Pink Floyd habría conocido la muerte súbita en 1985 de no haber sido por la fuerza firme pero silenciosa de David Gilmour. “Eso está por verse”, le respondió a Waters cuando éste le dijo que sin él no iban a ninguna parte. Sin aspavientos, Gilmour ganó esa partida y Pink Floyd fue a casi todas partes, gozando de una sobrevida que ni siquiera el galeno más optimista del rock le habría pronosticado. Pero a partir de ese momento, las cosas se movieron al ritmo de Gilmour, que es muy tranquilo, y respetuoso de sus largos tiempos personales. La reconstrucción de Pink Floyd sans Waters fue casi paralela a su propia reconstrucción familiar, cuando conoció a Polly Samson y formó con ella una familia que se mueve bajo una estricta división del trabajo. “Es un año cada uno –explica Gilmour–; quizás un año Polly esté dedicada a escribir un libro y soy yo el que se queda al comando de la nave familiar. Puedo dedicarme a mis cosas mientras los chicos están en el colegio, pero tengo que cuidar que la cena esté lista a tiempo”.

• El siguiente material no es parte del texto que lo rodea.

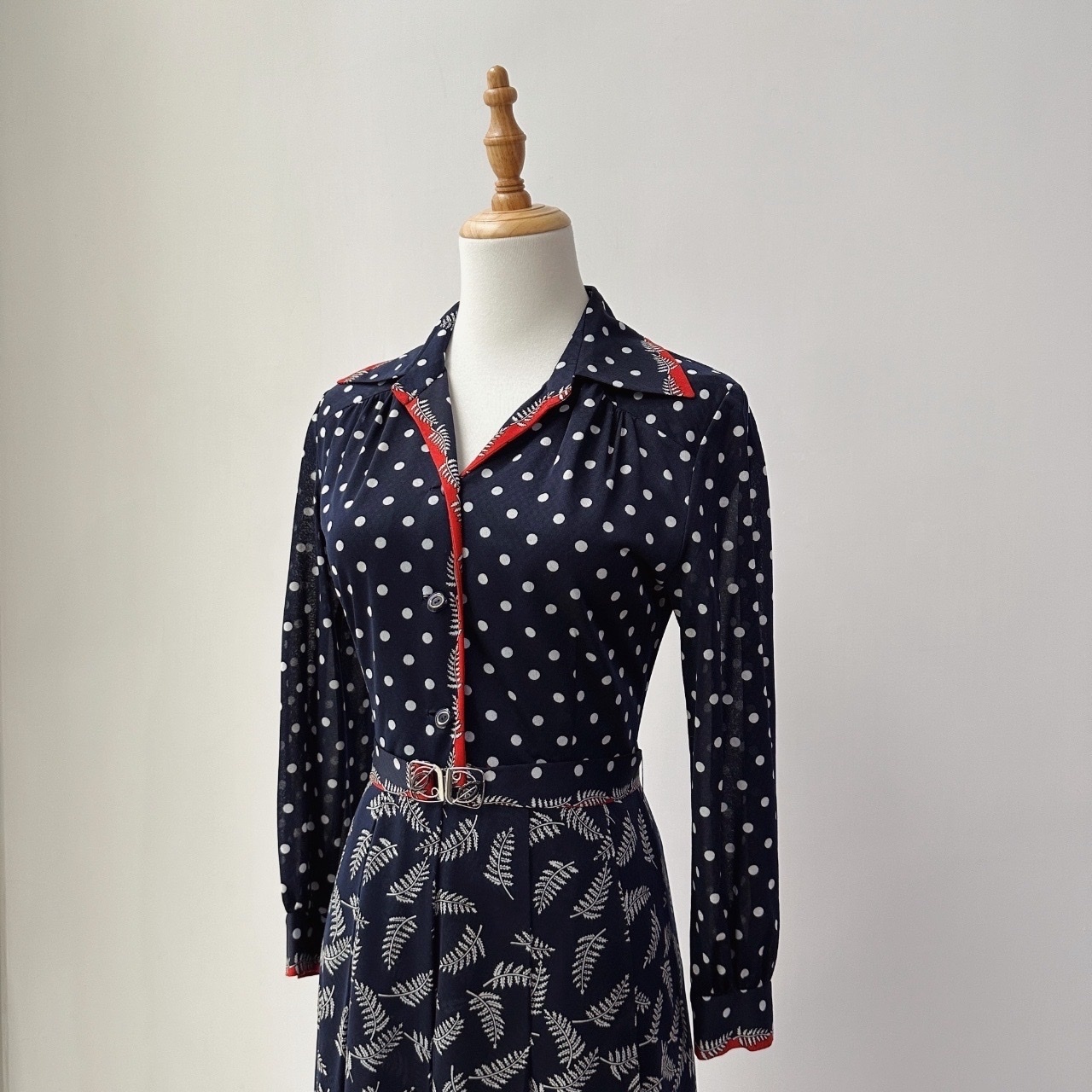 深藍波點葉子圖紋長袖連身裙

Esa mezcla entre una tranquila estrella de rock y un padre de familia con presencia da por tierra con los tiempos frenéticos de la industria discográfica. Que a su vez no se compadecen con los tiempos de la creación. Gilmour lanzó su tercer disco solista On An Island en 2006, y solamente le tomó nueve años publicar el cuarto, lo que es un progreso si se tiene en cuenta que el segundo, About Face se lanzó en 1984. La proporción da un salto prodigioso... en términos relativos: una espera de nueve años contra otra de veintidós. Tiempos prolongados de un hombre que inició su andar solista en 1978, cansado de la burocracia que insumía cada nuevo proyecto de Pink Floyd. Y descubrió lo difícil que era mover esa nave cuando el Capitán Waters lo desafió. “Cada tanto intercambiamos algún que otro mail”, deja saber Gilmour, que nunca fue un hombre rencoroso pese a la intensidad de aquella guerra. Quizás Roger no vuelva a ser jamás su amigo, pero hace mucho que ya no es su enemigo. Esos candados han sido destrabados, o simplemente vencidos por el paso del tiempo y la herrumbre, que como cantó Neil Young, nunca descansa.
Ahora los tiempos de la vida de Gilmour son otros, y ya se encuentra creando nueva música para un eventual quinto álbum. “Pero en verdad, no sé muy bien como se hace un disco –ríe el guitarrista–; mis tiempos creativos son lentos. Una vez cada tanto, una idea se abre paso a través de mi cabeza. Trato de escribir una letra o una canción al respecto, pero no puedo predecir el momento en que finalmente va a materializarse esa canción. Entonces, sigo pensando. Hay una puerta, una pequeña llave que puedo abrir y, quizás, encontrar una manera más simple de poner esas ideas delante de mí y poder destrabarlas. Hay mucho sobre lo que escribir. Solo que todavía no he podido entender bien ese mecanismo”.
Si se lo ve de esa manera, es lógico que su nuevo álbum hable sobre sacudir candados, quitarse cadenas, llorar a los muertos y seguir adelante en el devenir del río eterno de la vida. “Adiós pecado, au revoir caos/ Si existe un cielo, puede esperar”. David Gilmour ha descubierto, al filo de los 70 años, que las ataduras que lo encadenaban a ese gigante llamado Pink Floyd, se han deshecho. Para él hoy es el momento de aprender a volar sin tanto equipaje.